[Exercise inputs — start]

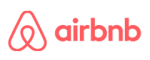 Logo plataforma Airbnb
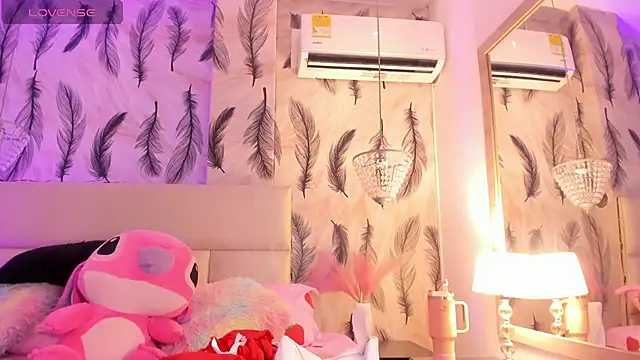 Vivi prinncess online show from November 2025 10:45:02 PM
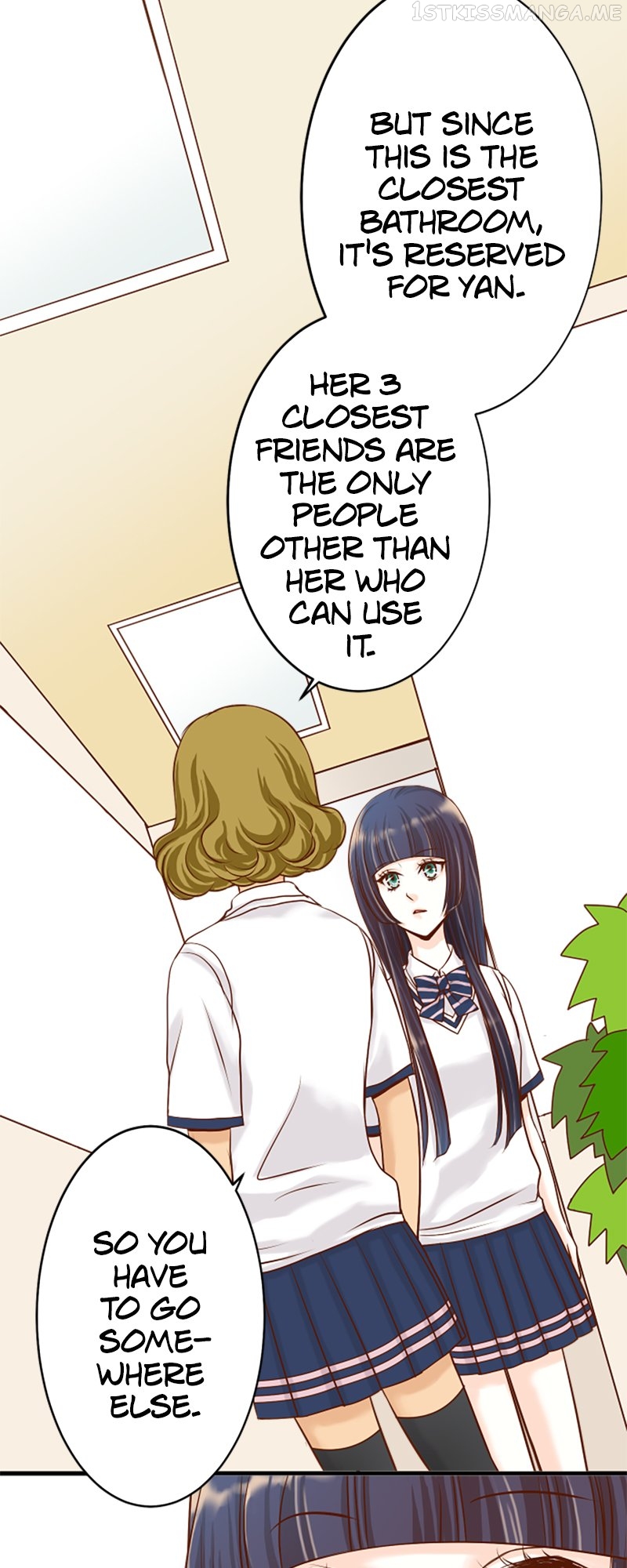 Revenge Is a Dish Best Served Cold Chapter 2.1 - page 3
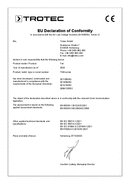 Declaration of conformity floor fan TVM series (INT)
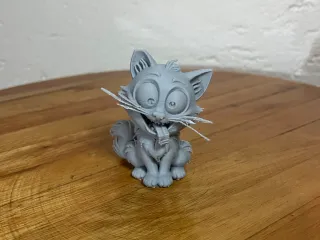Cat Cartoon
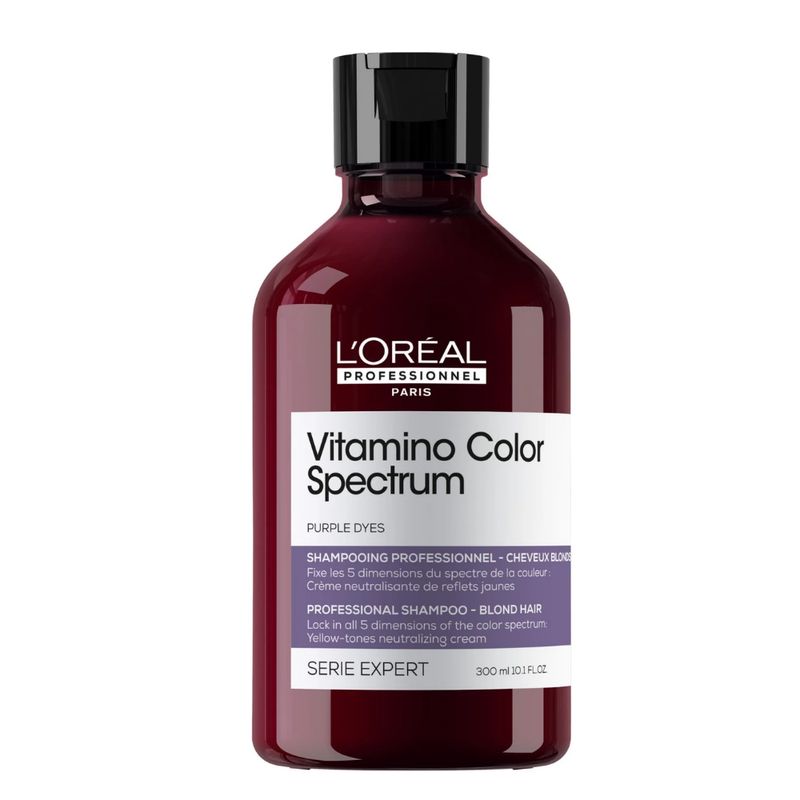 LOREAL PARIS - Shampoo Vitamino Color Spectrum Matizante LOréal  Professionel 300mL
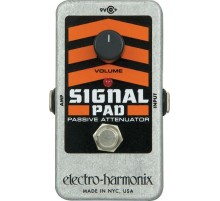 Electro-Harmonix Nano Signal Pad гитарная педаль Passive Attenuator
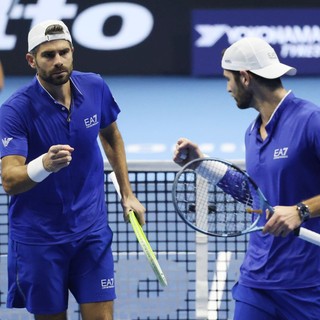 Atp Finals, Bolelli e Vavassori volano in semifinale nel doppio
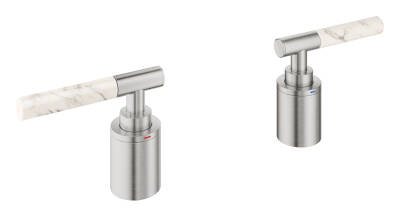 Grohe Atrio Private Collection Sticks Made From White Attica Caesarstone Material - 48464DC0 - GROHE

[Exercise inputs — finish]

* What to produce: Every line from the one containing "Vivi prinncess online" through the end of the entries above is to be copied exactly; pictures are to be left out.

* Task solution:
 Vivi prinncess online show from November 2025 10:45:02 PM
 Revenge Is a Dish Best Served Cold Chapter 2.1 - page 3
 Declaration of conformity floor fan TVM series (INT)
Cat Cartoon
 LOREAL PARIS - Shampoo Vitamino Color Spectrum Matizante LOréal  Professionel 300mL
 Electro-Harmonix Nano Signal Pad гитарная педаль Passive Attenuator
 Atp Finals, Bolelli e Vavassori volano in semifinale nel doppio
 Grohe Atrio Private Collection Sticks Made From White Attica Caesarstone Material - 48464DC0 - GROHE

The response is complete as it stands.